Interfaces API#

The interfaces module provides unified APIs for different diffusion and flow matching formulations.

Continuous Interfaces#

class interfaces.continuous.Interfaces(*args: Any, **kwargs: Any)[source]#

Bases: Module, ABC

Base class for all diffusion / flow matching interfaces.

All interfaces be a wrapper around network backbone and should support:

Define the pre-conditionings (see EDM)
Calculate losses for training
- Define transport path (alpha_t & sigma_t)
- Sample t
- Sample X_t
Give tangent for sampling

Required RNG Key:

time: for sampling t
noise: for sampling n

__init__(network: Module, train_time_dist_type: str | TrainingTimeDistType)[source]#

abstract c_in(t: Array) → Array[source]#

Calculate c_in for the interface.

Parameters:: t – current timestep.
Returns:: c_in, c_in for the interface.
Return type:: jnp.ndarray

abstract c_out(t: Array) → Array[source]#

Calculate c_out for the interface.

Parameters:: t – current timestep.
Returns:: c_out, c_out for the interface.
Return type:: jnp.ndarray

abstract c_skip(t: Array) → Array[source]#

Calculate c_skip for the interface.

Parameters:: t – current timestep.
Returns:: c_skip, c_skip for the interface.
Return type:: jnp.ndarray

abstract c_noise(t: Array) → Array[source]#

Calculate c_noise for the interface.

Parameters:: t – current timestep.
Returns:: c_noise, c_noise for the interface.
Return type:: jnp.ndarray

abstract sample_t(shape: tuple[int, ...]) → Array[source]#

Sample t from the training time distribution.

Parameters:: shape – shape of timestep t.
Returns:: t, sampled timestep t.
Return type:: jnp.ndarray

abstract sample_n(shape: tuple[int, ...]) → Array[source]#

Sample noises.

Parameters:: shape – shape of noise.
Returns:: n, sampled noise.
Return type:: jnp.ndarray

abstract sample_x_t(x: Array, n: Array, t: Array) → Array[source]#

Sample X_t according to the defined interface.

Parameters:

x – input clean sample.
n – noise.
t – current timestep.

Returns:

x_t, sampled X_t according to transport path.

Return type:

jnp.ndarray

abstract target(x: Array, n: Array, t: Array) → Array[source]#

Get training target.

Parameters:

x – input clean sample.
n – noise.
t – current timestep.

Returns:

target, training target.

Return type:

jnp.ndarray

abstract pred(x_t: Array, t: Array, *args, **kwargs) → Array[source]#

Predict ODE tangent according to the defined interface.

Parameters:

x_t – input noisy sample.
t – current timestep.

Returns:

tangent, predicted ODE tangent.

Return type:

jnp.ndarray

abstract score(x_t: Array, t: Array, *args, **kwargs) → Array[source]#

Transform ODE tangent to the Score Function nabla log p_t(x).

Parameters:

x_t – input noisy sample.
t – current timestep.

Returns:

score, score function nabla log p_t(x).

Return type:

jnp.ndarray

abstract loss(x: Array, *args, **kwargs) → Array[source]#

Calculate loss for training.

Parameters:

x – input clean sample.
args – additional arguments for network forward.
kwargs – additional keyword arguments for network forward.

Returns:

loss, calculated loss.

Return type:

jnp.ndarray

static mean_flat(x: Array) → Array[source]#

Take mean w.r.t. all dimensions of x except the first.
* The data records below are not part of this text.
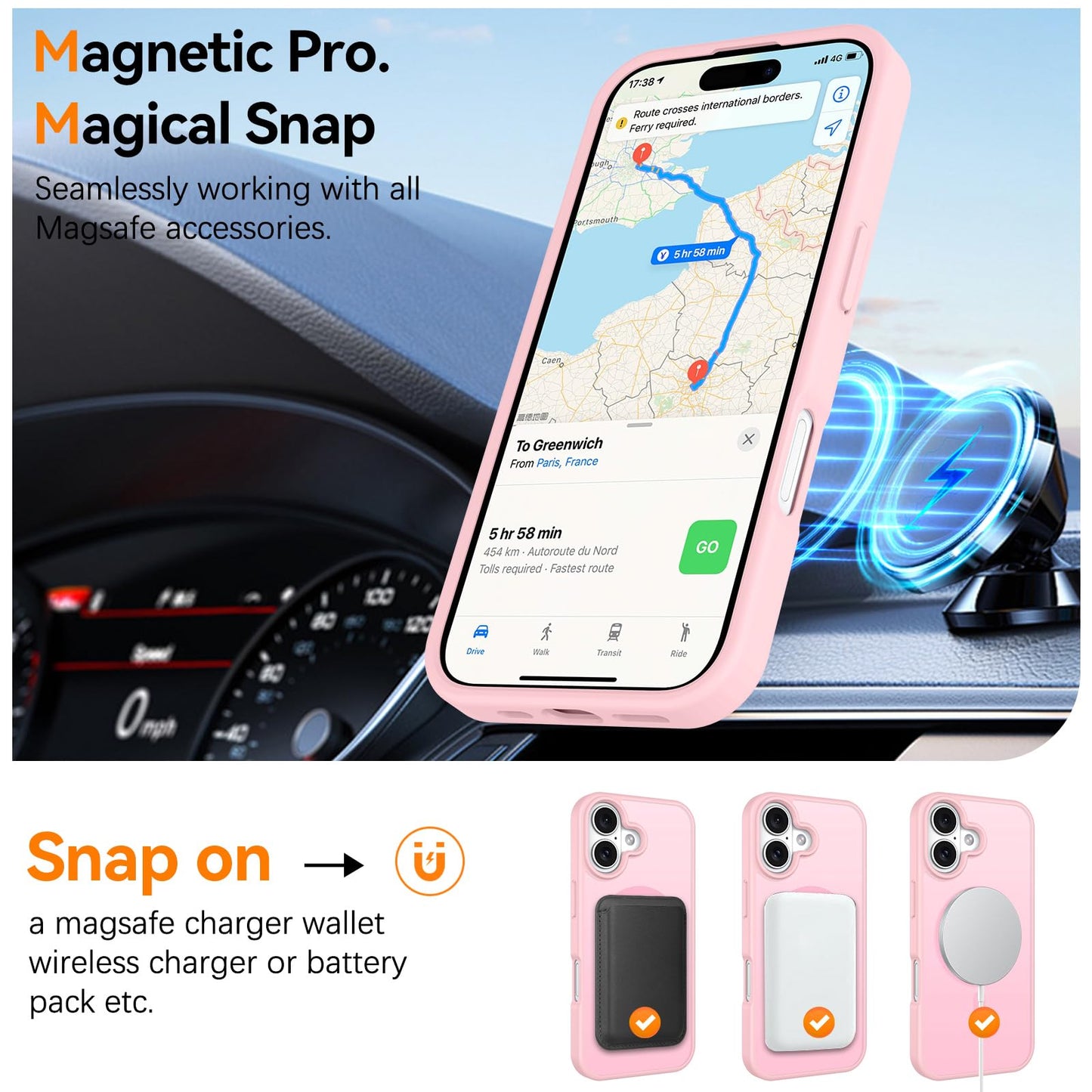 iPhone 17 - Funda Candy - MagSafe - Rosa Bebé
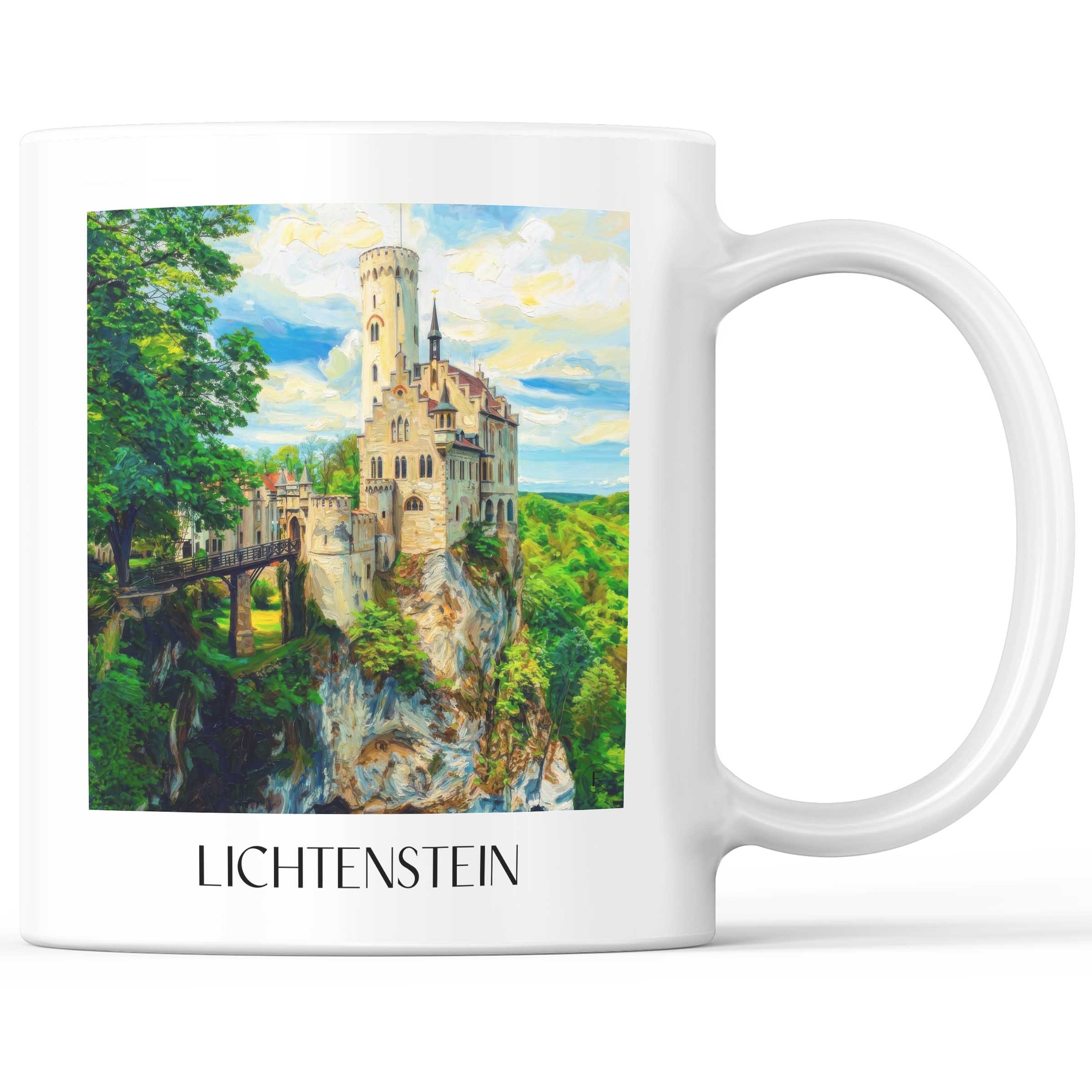 lichtenstein-schwäbische-alb-deutschland-kaffeebecher-oil-painting-oelgemaelde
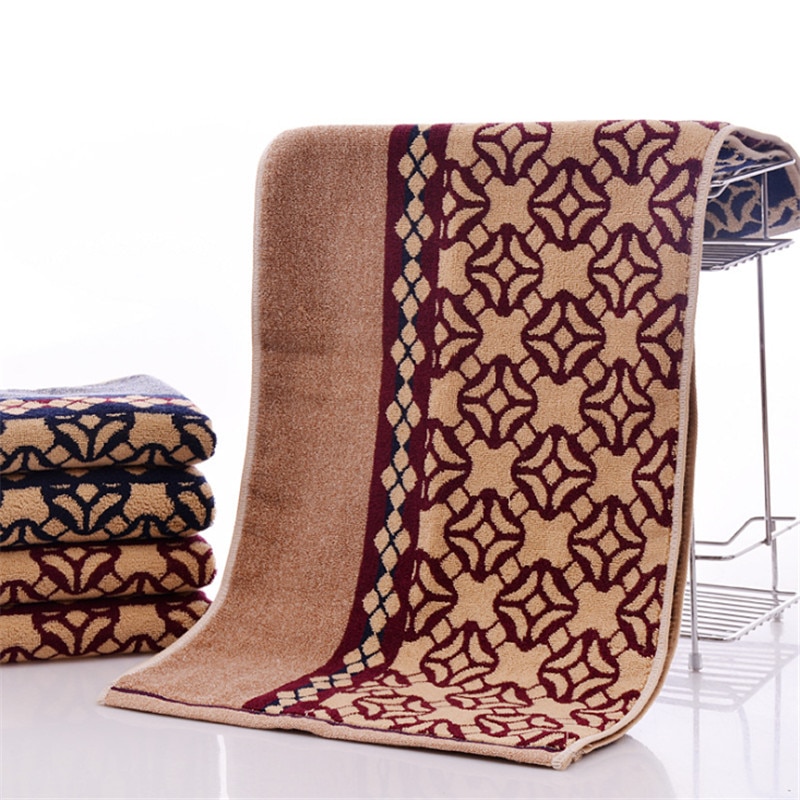 Bomuldshåndklæde 35*75cm 120g mørke tykkere håndklæde/ansigtshår håndklæder super bløde absorberende vaskeklude til voksne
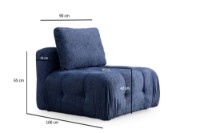 Fotoliu Atelier Del Sofa Amaris Navy Blue imaginea #2 — magazin online Desire.md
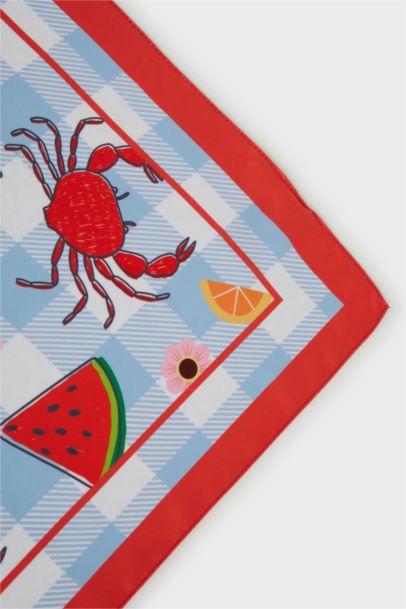 Kadın Desenli Fular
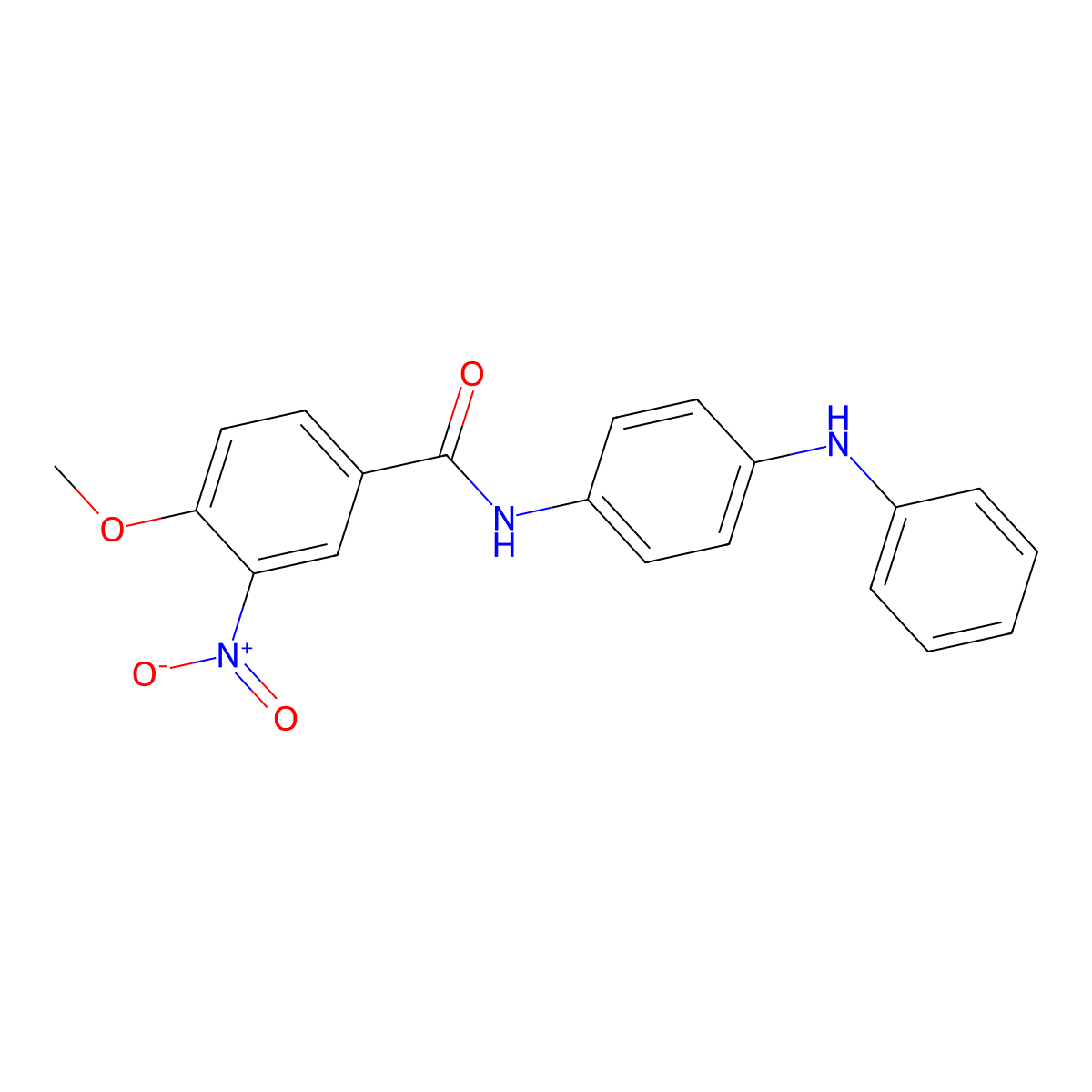 N-(4-anilinophenyl)-4-methoxy-3-nitrobenzamide molecular structure, CAS 690984-59-9
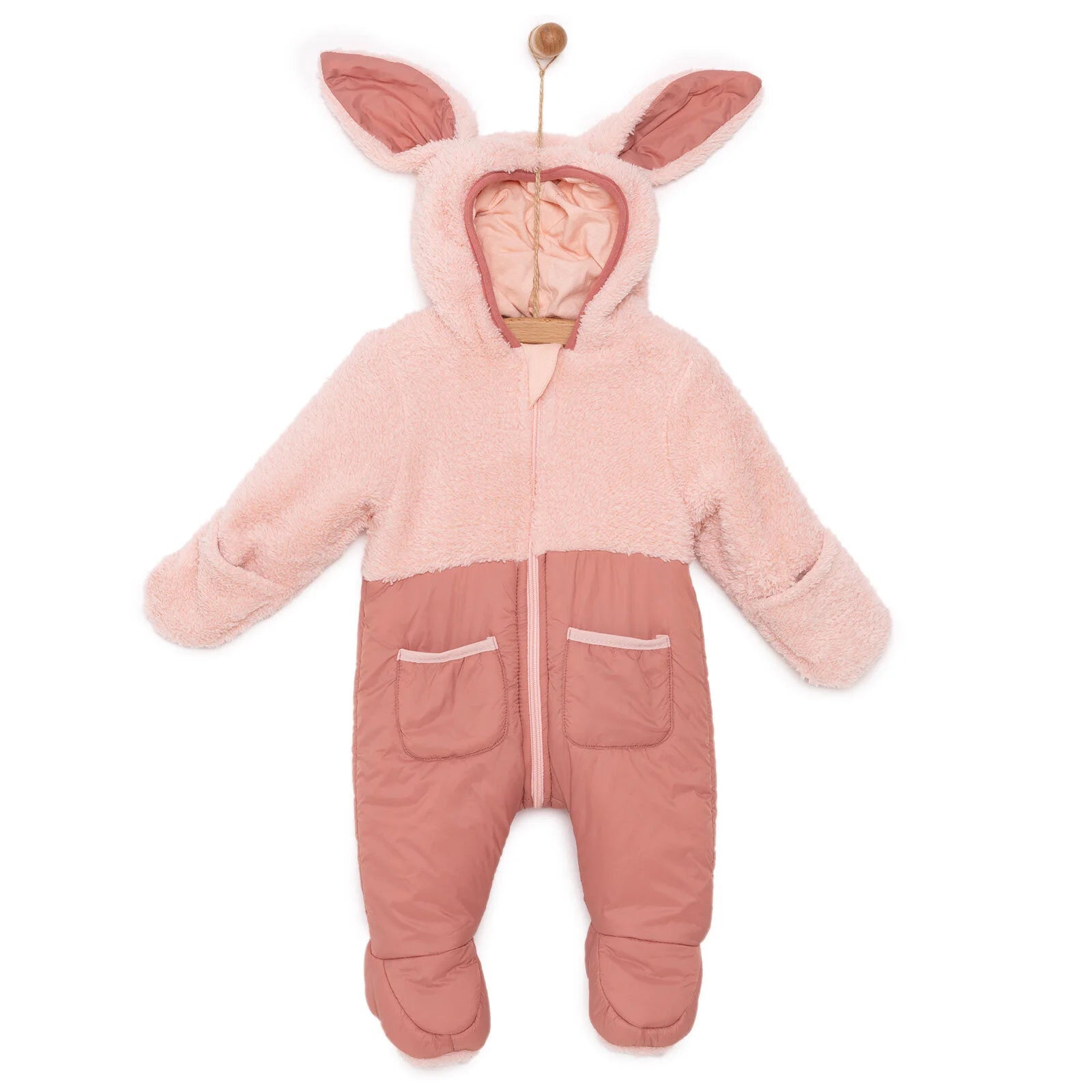 Midimod Newborn Welsoft Footed Jumpsuit - Pink - ebebek - Black Friday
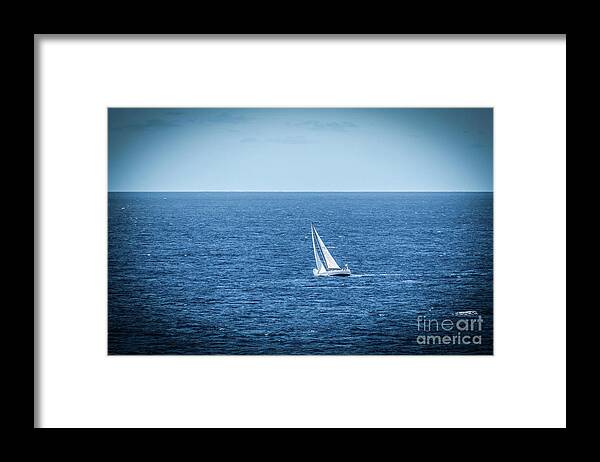 Boat Framed Print featuring the photograph Sailboat in the Caribean by Thomas Marchessault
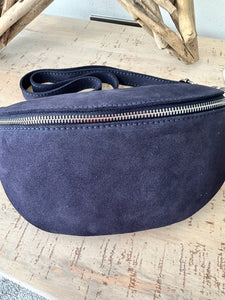 luscious scarves Bum bag Italian Suede Leather Bum/Sling Bag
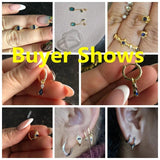 Sapphire 925 Silver Drop Earrings Wedding Jewelry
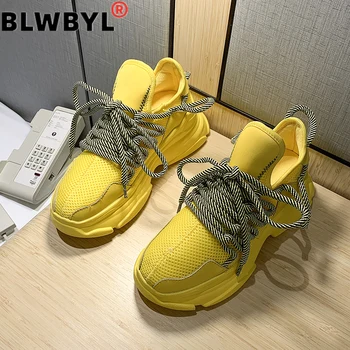 

NAUSK 2020 Spring Women Sneakers Fashion Casual Shoes Woman Comfortable Breathable White Flats Female Platform Chaussure Femme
Parameters:: x – input array.
Returns:: mean, mean across all dimensions except the first.
Return type:: jnp.ndarray

static bcast_right(x: Array, y: Array) → Array[source]#

Broadcast x to the right to match the shape of y.

Parameters:

x – array to broadcast.
y – target array to match shape.

Returns:

broadcasted, x broadcasted to match y’s shape.

Return type:

jnp.ndarray

static t_shift(t: Array, shift: float) → Array[source]#

Shift t by a constant shift value.

Parameters:

t – input timestep array.
shift – shift value.

Returns:

shifted_t, t shifted by the shift value.

Return type:

jnp.ndarray

class interfaces.continuous.SiTInterface(*args: Any, **kwargs: Any)[source]#

Bases: Interfaces

Interface for SiT.

Transport path:

\[x_t = (1 - t) * x + t * n\]

Losses:

\[L = \mathbb{E} \Vert D(x_t, t) - (n - x) \Vert ^ 2\]

Predictions:

\[x = xt - t * D(x_t, t)\]

__init__(network: Module, train_time_dist_type: str | TrainingTimeDistType, t_mu: float = 0.0, t_sigma: float = 1.0, n_mu: float = 0.0, n_sigma: float = 1.0, x_sigma: float = 0.5, t_shift_base: int = 4096)[source]#

c_in(t: Array) → Array[source]#: Flow matching preconditioning.

\[c_{in} = 1\]

c_out(t: Array) → Array[source]#: Flow matching preconditioning.

\[c_{out} = 1\]

c_skip(t: Array) → Array[source]#: Flow matching preconditioning.

\[c_{skip} = 0\]

c_noise(t: Array) → Array[source]#: Flow matching preconditioning.

\[c_{noise} = t\]

sample_x_t(x: Array, n: Array, t: Array) → Array[source]#

Sample x_t defined by flow matching.

\[x_t = (1 - t) * x + t * n\]

Parameters:

x – input clean sample.
n – noise.
t – current timestep.

Returns:

x_t, sampled x_t according to flow matching.

Return type:

jnp.ndarray

target(x: Array, n: Array, t: Array) → Array[source]#

Return flow matching target

\[v = n - x\]

Parameters:

x – input clean sample.
n – noise.
t – current timestep.

Returns:

v, flow matching target.

Return type:

jnp.ndarray

pred(x_t: Array, t: Array, *args, **kwargs) → Array[source]#

Predict flow matching tangent.

\[v = D(x_t, t)\]

Parameters:

x_t – input noisy sample.
t – current timestep.
*args – additional arguments for network forward.
**kwargs – additional keyword arguments for network forward.

Returns:

v, predicted flow matching tangent.

Return type:

jnp.ndarray

score(x_t: Array, t: Array, *args, **kwargs) → Array[source]#

Transform flow matching tangent to the score function.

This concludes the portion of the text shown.